Un tel état de fait s'explique le plus souvent par une méconnaissance de la législation qui conduit les responsables du site Web à considérer que le déploiement du bandeau se suffit à lui même. Il peut même arriver qu'aucun mécanisme de refus du pistage ne soit proposé à l'utilisateur au sein du bandeau. Autre explication possible à cet état de fait, le coût de paramétrage conséquent et/ou le manque de personnel compétent en mesure d'effectuer les modifications nécessaires.
Au final, le seul moyen proposé aux visiteurs afin de se soustraire à une collecte de données, passe par un blocage des cookies sur son navigateur, rendant par la même le site Web visité inutilisable. Bien que contraire à la réglementation, car rendant impossible l'accès aux services proposés sur les sites où il est mis en œuvre, ce mode de configuration demeure largement proposé sur les pages d'information cookie.
L'entre-deux : la collecte par défaut de données avec prise en compte des choix des utilisateurs
Les structures dont le niveau de dépendance au digital est plus marqué et par conséquent les connaissances et savoir-faire plus développés, optent le plus souvent pour un déclenchement par défaut des traceurs. Cette collecte de données dès la première page visitée, sans recueil explicite du consentement de l'utilisateur, s'accompagne de la possibilité de refuser que de nouvelles données soient collectées, lors du chargement d'une nouvelle page du site, directement via le bandeau.

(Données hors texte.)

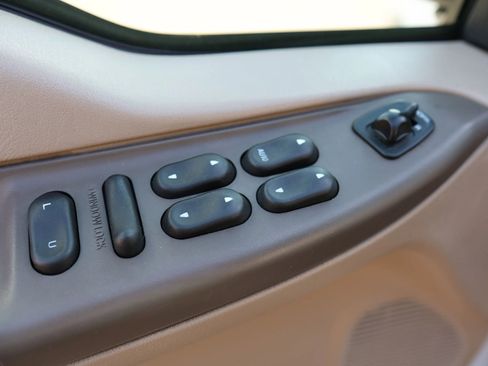 Used 2001 Ford Excursion Limited image 26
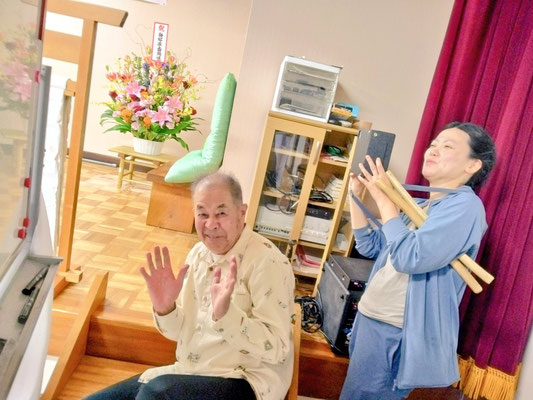 梅桜亭 近くの会館にて記念の会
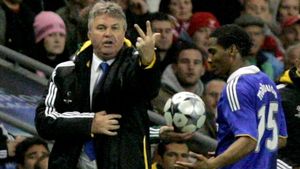 Hiddink: „Nimic nu mă poate lega de Chelsea"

Le choix de l'utilisateur est respecté, mais uniquement après qu'un certain nombre d'informations le concernant aient été enregistrées. Le choix d'un tel mode de paramétrage s'explique par la nécessité de mesurer le ROI des campagnes d'acquisition payantes et plus généralement par la dépendance de ces organisations vis à vis des informations collectées afin de mettre en oeuvre une stratégie de pilotage de leur activité basée sur des données.
Bloquer par défaut le déclenchement des traceurs reviendrait pour ces organisations à se priver d'une source d'information vitale et aboutirait à naviguer à vue, dans un écosystème digital dans lequel la concurrence est exacerbée et les investissements en constante augmentation. Dans ce contexte, la mise en conformité totale avec la réglementation, qui fait office d'épouvantail, est sans cesse différée en raison de son impact négatif potentiel sur le fonctionnement du dispositif Web concerné.

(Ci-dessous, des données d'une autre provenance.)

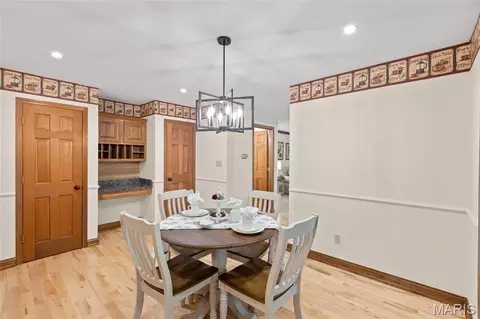 Dining - 5002 Circle Dr, Imperial, MO 63052 photo 2 of 5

La mise en conformité raisonnée : la collecte de données selon diverses forme de consentement
Les organisations les plus matures choisissent généralement d'emprunter une quatrième voie, plus coûteuse en terme de paramétrage, mais significativement plus respectueuse de la vie privée des utilisateurs. Concrètement, il s'agit de bloquer toute collecte de données, tant que l'utilisateur n'aura pas interagi avec la première page visitée via un clic, ou visité au minimum deux pages, sans exprimer un refus explicite portant sur l'exécution de traceurs.

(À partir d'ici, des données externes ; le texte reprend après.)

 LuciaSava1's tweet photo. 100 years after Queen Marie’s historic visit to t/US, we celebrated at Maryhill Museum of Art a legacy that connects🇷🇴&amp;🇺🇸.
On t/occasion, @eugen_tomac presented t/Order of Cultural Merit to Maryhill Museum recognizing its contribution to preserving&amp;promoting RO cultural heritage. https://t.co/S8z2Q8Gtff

Cette approche est conforme aux instructions communiquées par la CNIL relatives aux modalités de recueil d'un consentement explicite de l'utilisateur. Au prix d'un paramétrage avancé de leurs outils de collecte et d'une perte de certaines informations, du fait des refus explicites mais aussi implicites en l'absence de consentement exprimé par certains visiteurs, ces organisations parviennent donc à se conformer à la législation.
Cependant, nombreux sont les acteurs de cette catégorie à évoluer dans une zone grise, où le consentement en cas de défilement de l'écran, côtoie le recours à des systèmes de mutualisation des consentements utilisateur, ou encore des choix de couleurs et de mise en forme des bandeaux poussant le visiteur à consentir.
En conclusion
"Dura lex, sed lex", tous ne semblent pas approuver l'adage, loin s'en faut, tant peuvent être grands la complexité et l'impact sur l'activité des sites Web d'un paramétrage de son bandeau cookie conforme à la réglementation. La tentation est grande de privilégier la collecte et l'exploitation des données, sur le respect du droit. Rien ne permet de penser que cette tendance de fond, observable sur la dernière décennie, soit amenée à évoluer dans les années à venir.